Antoine Borrut co-edited a volume entitled Mers et rivages d’Islam: de l’Atlantique à la Méditerranée. Mélanges offerts à Christophe Picard (Paris: Éditions de la Sorbonne, 2023) which was published in May. The volume consists of 25 contributions gathered in a Festschrift dedicated to Prof. Christophe Picard. Antoine’s essay in the volume is entitled “Histoires astrologiques et construction du temps culturel dans les débuts de l’islam.”

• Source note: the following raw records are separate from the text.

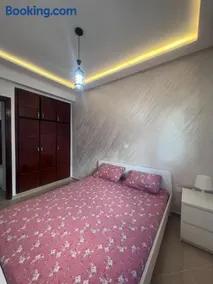 Luxury Center Town Apartment - Image 3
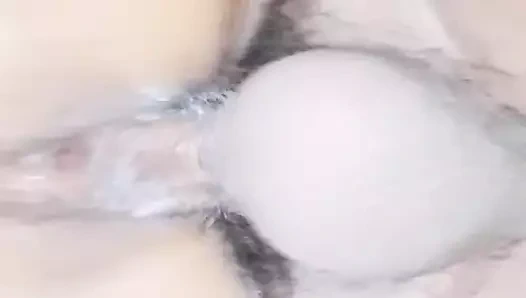 Üvey babam işe gitmeden önce benim amımı yedikten sonra beni sert sikikleri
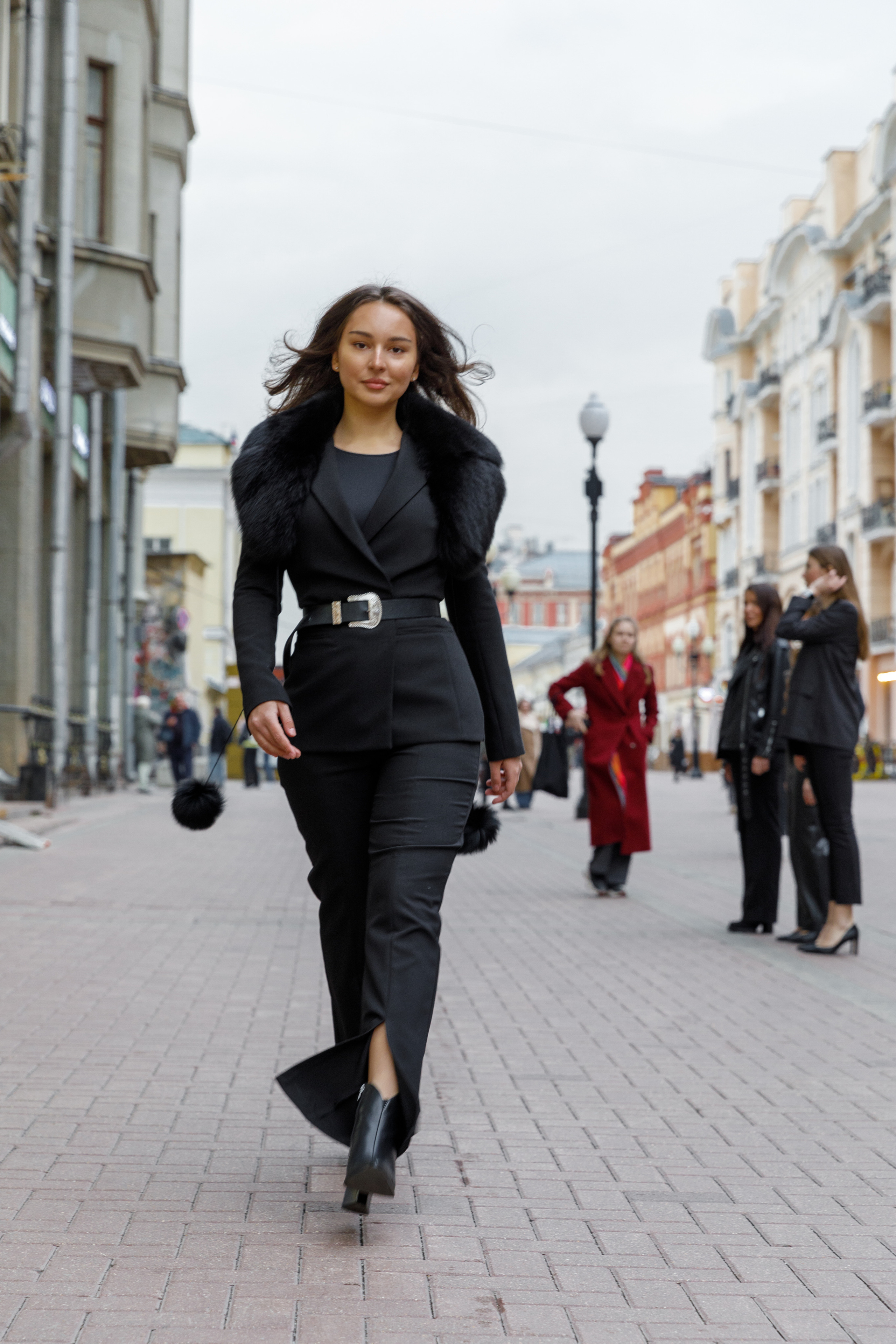 Шуточное дефиле на Арбате. Фотограф в Москве Слуцкая Наталья, репортаж, портрет, контент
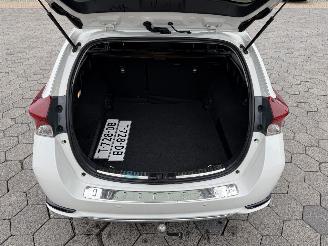 Toyota Auris Touring Sports 1.8 Hybrid Exclusive picture 11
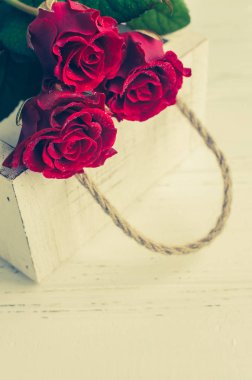 Beyaz eski püskü şık arka plan üzerinde kırmızı gül çiçekler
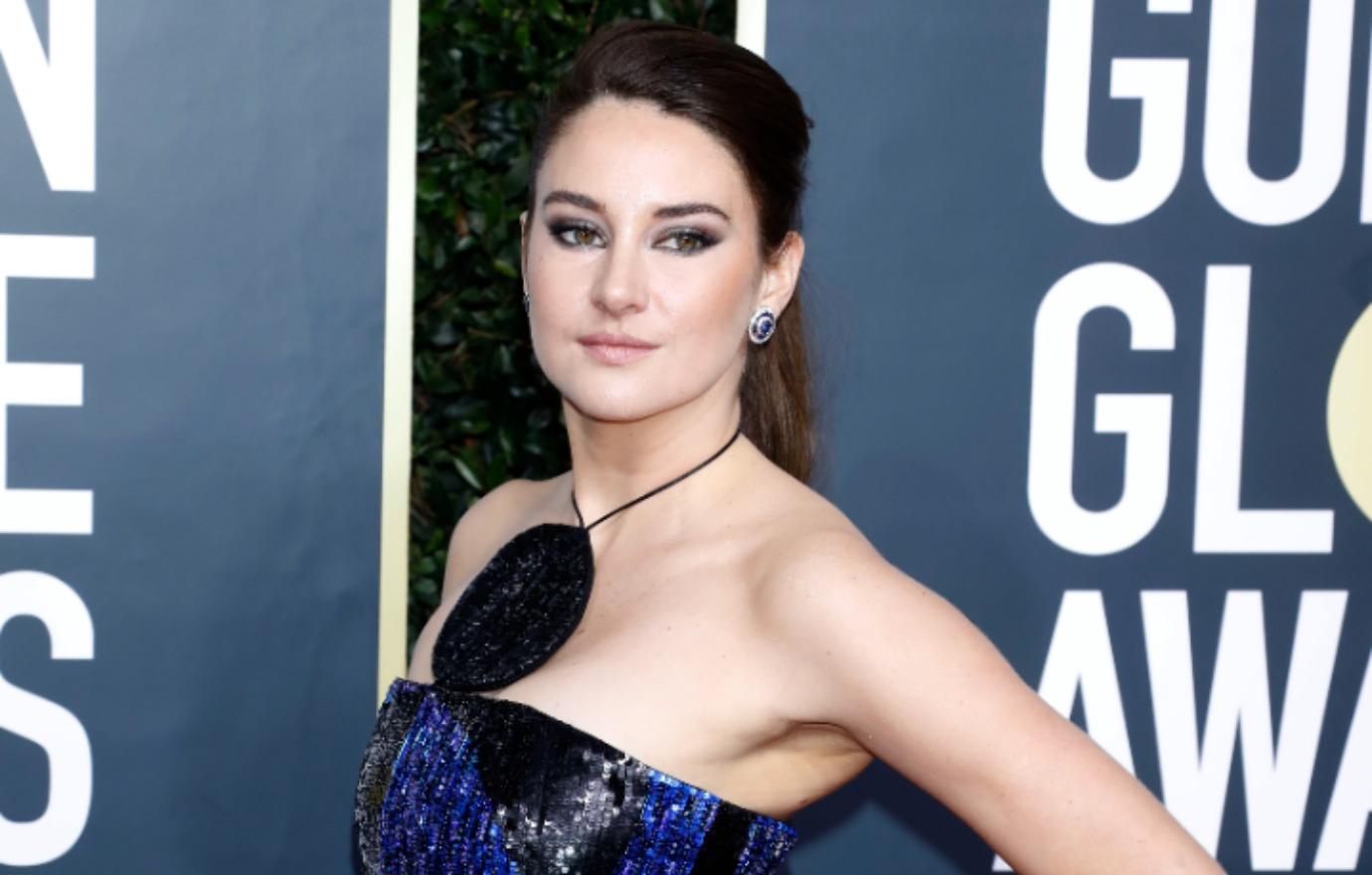 shailene woodley messy hair aaron rodgers split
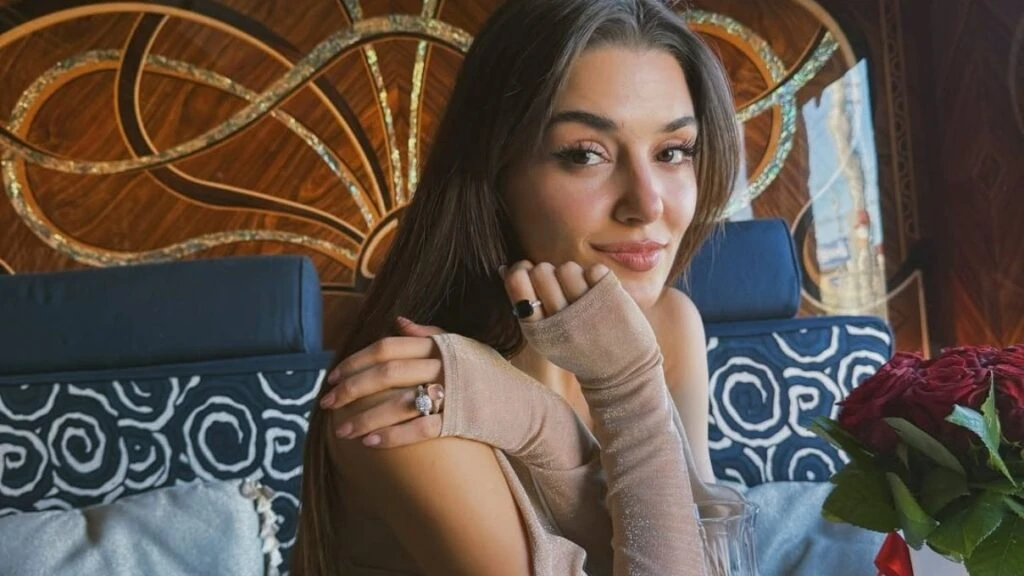 Hande Erçel’den ayrılık sonrası ilk paylaşım! Güzel oyuncu sosyal medya geri döndü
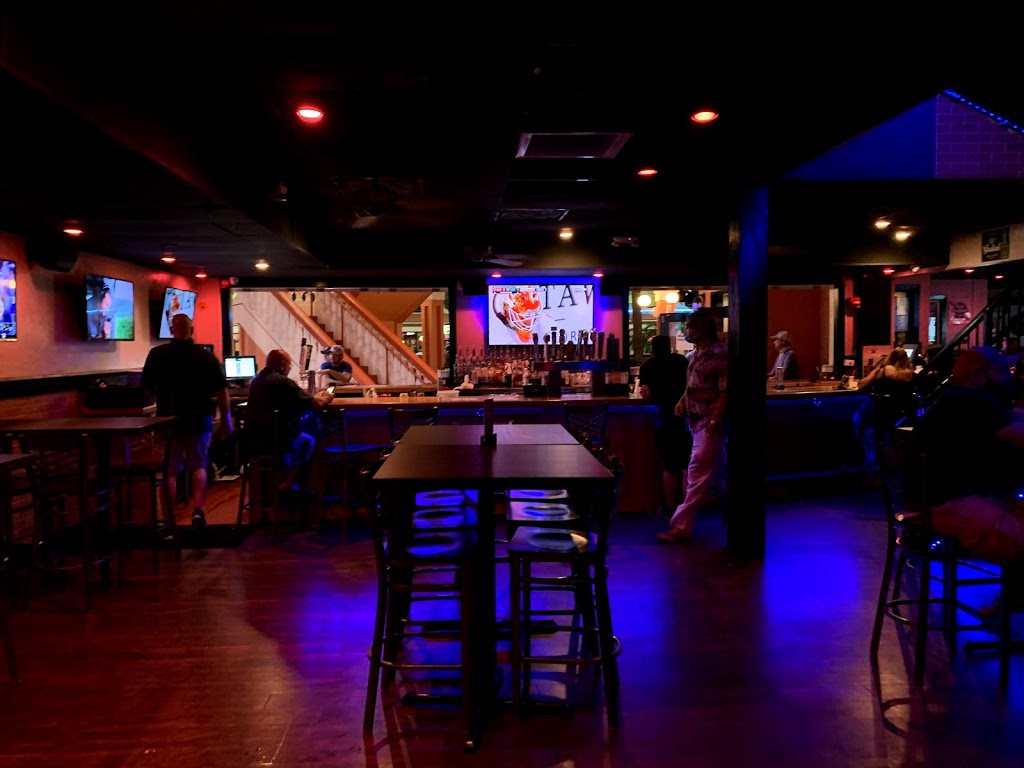 The Brown Boxer | 483 Mandalay Ave, Clearwater Beach, FL 33767, USA | Phone: (727) 441-6000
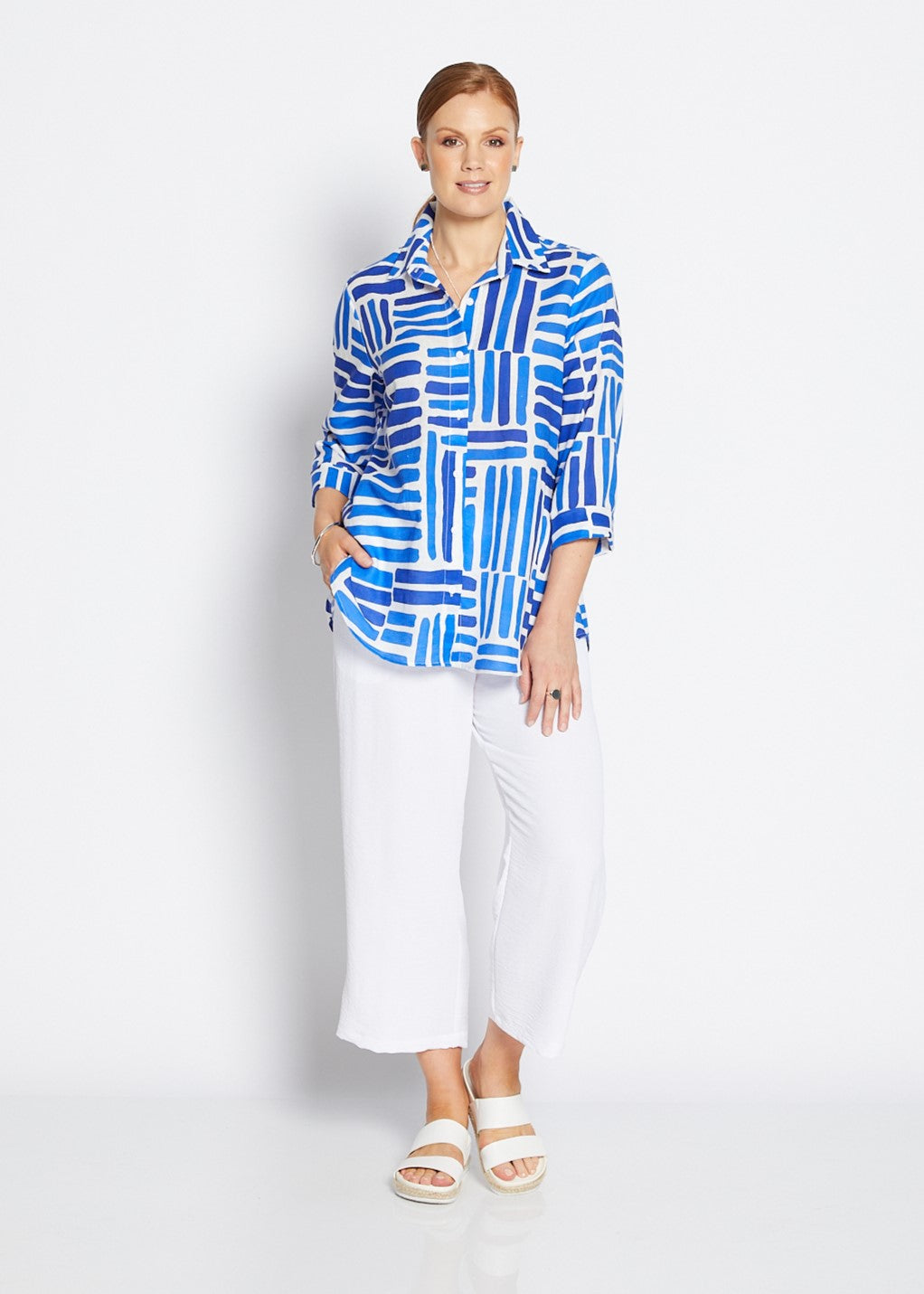 Regis linen shirt in Gazebo blue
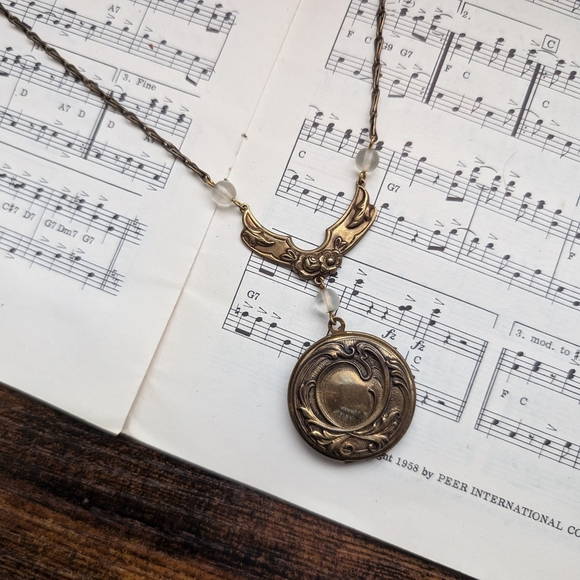 Vintage Inspired Art Nouveau Style Goldtone Locket Necklace - Picture 4 of 13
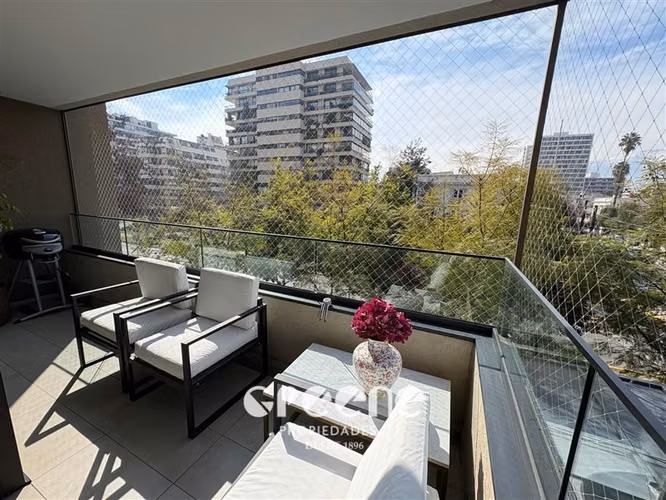 Departamento semi nuevo plaza Las Lilas. en Providencia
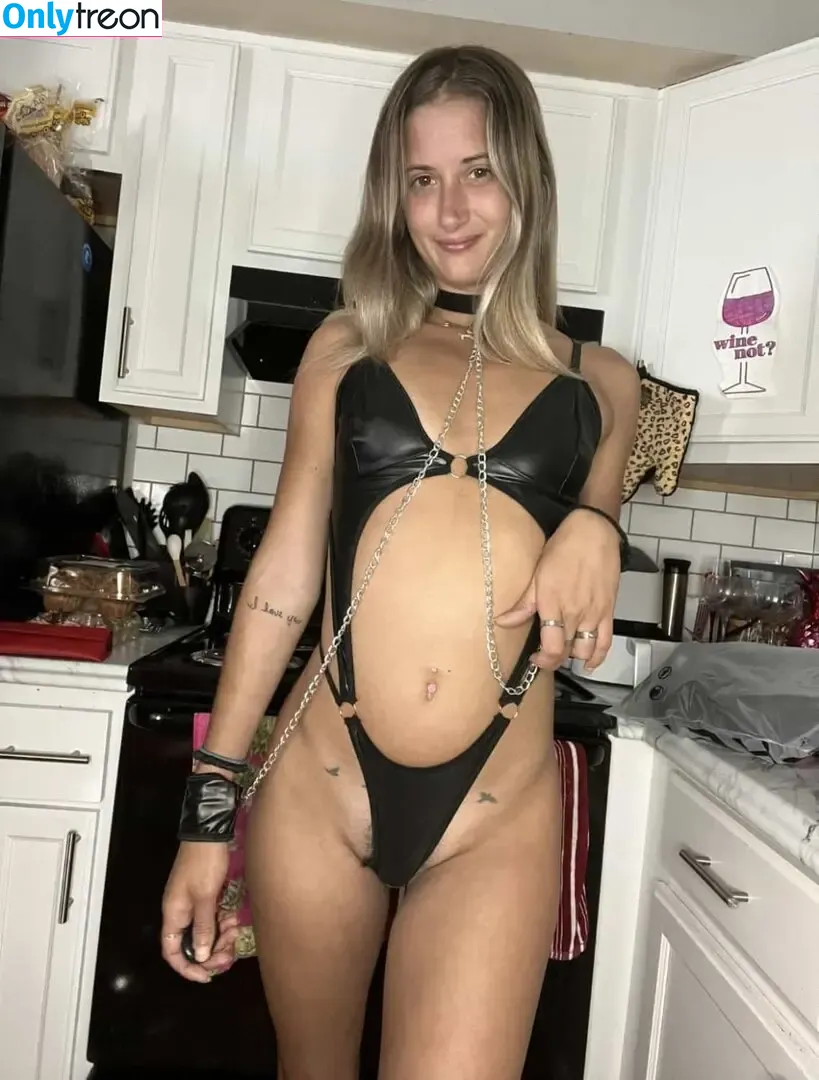 Baby Bri nude photo #0046 (Slimthickbrireels / slimthickbri)
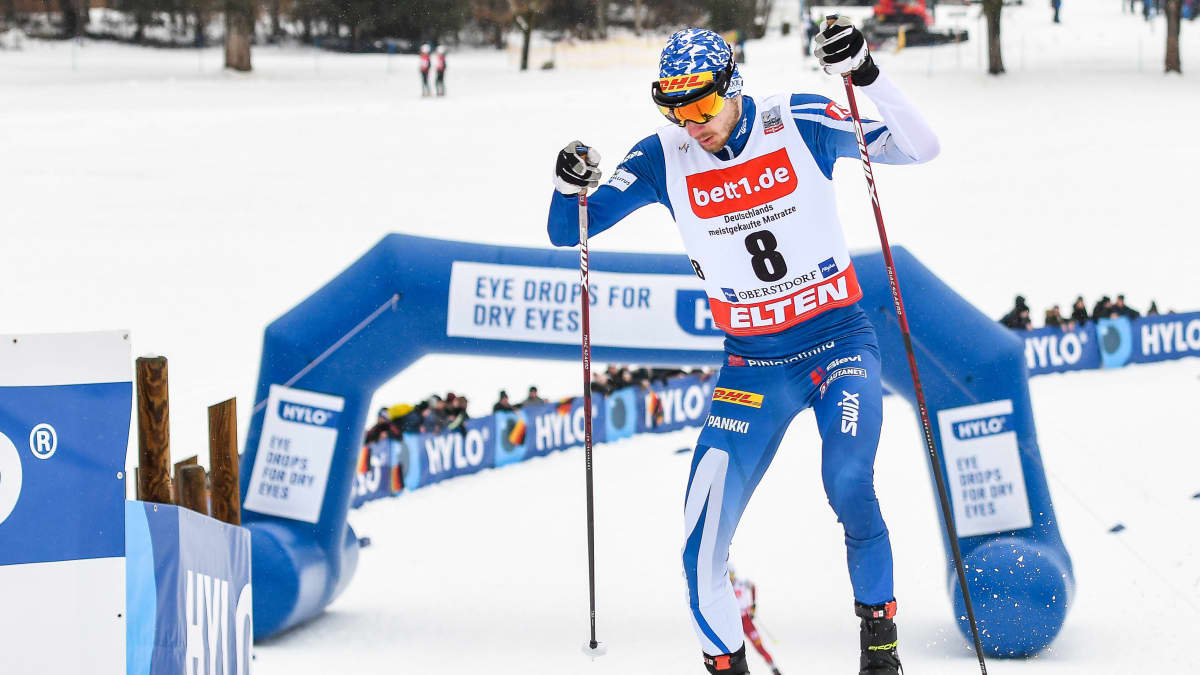 Ilkka Herola hiihtämässä yhdistetyn kilpailussa.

Karin Rosemblatt was awarded a Faculty-Student Research Award from the UMD Graduate School. The grant will support travel to Mexico during Summer 2023 for Karin and a graduate student to conduct research for a book project exploring how 20th century anthropologists, archaeologists, and ethnohistorians established truths regarding the pre-Columbian history of Mexico. This grant will support archival research for Karin's current book project, a book of essays examining public controversies in which archaeologists and anthropologists debated the contours of pre-Columbian history and the effects of the Spanish Conquest. The book seeks to understand the value of the past for the Mexican state and Mexicans more broadly.
Stefano Villani has won a UMD Graduate School Faculty-Student Research Award for a project with PhD student Jordan S. Sly. The project is titled "Narrating a massacre. Samuel Morland and the Waldensian slaughter of 1655 between propaganda, religion and diplomacy." The project investigates the 1655 massacre of the Protestant Waldensian minority in the Piedmontese valleys of Northern Italy by troops of the Duke of Savoy. These communities claimed a direct continuity with the Waldensians, a medieval heretical group. Still, the Dutch Republic, the Protestant Swiss cantons, and England reacted in defense of the persecuted Waldensians. Oliver Cromwell sent diplomat Samuel Morland to stop the massacres and re-establish toleration for these communities. After returning to England, Morland published the History of the Evangelical Churches of the Valleys of Piemont in 1658, which served as a record of his diplomatic mission and a celebration of the Waldensian church's ancient history.
St efano Villani has published two book reviews: on Mathilde Monge and Natalia Muchnik's Early Modern Diasporas: A European History (Routledge, 2022), in Società e Storia 179 (2023): 176-177); and on Hannah Marcus's Forbidden Knowledge: Medicine, Science, and Censorship in Early Modern Italy (University of Chicago Press, 2020), in Rivista di Storia e letteratura religiosa, 58 (2022): 326-330.
Julie Taddeo edited a Special Issue of the Journal of Popular Television (April 2023) on the Netflix series, Bridgerton. She and her fellow contributors examine how the popular period TV series interrogates race, feminism, sexuality, and gender issues in Regency England, as well as the fandom culture that surrounds Bridgerton and how academics can use Bridgerton for public history purposes.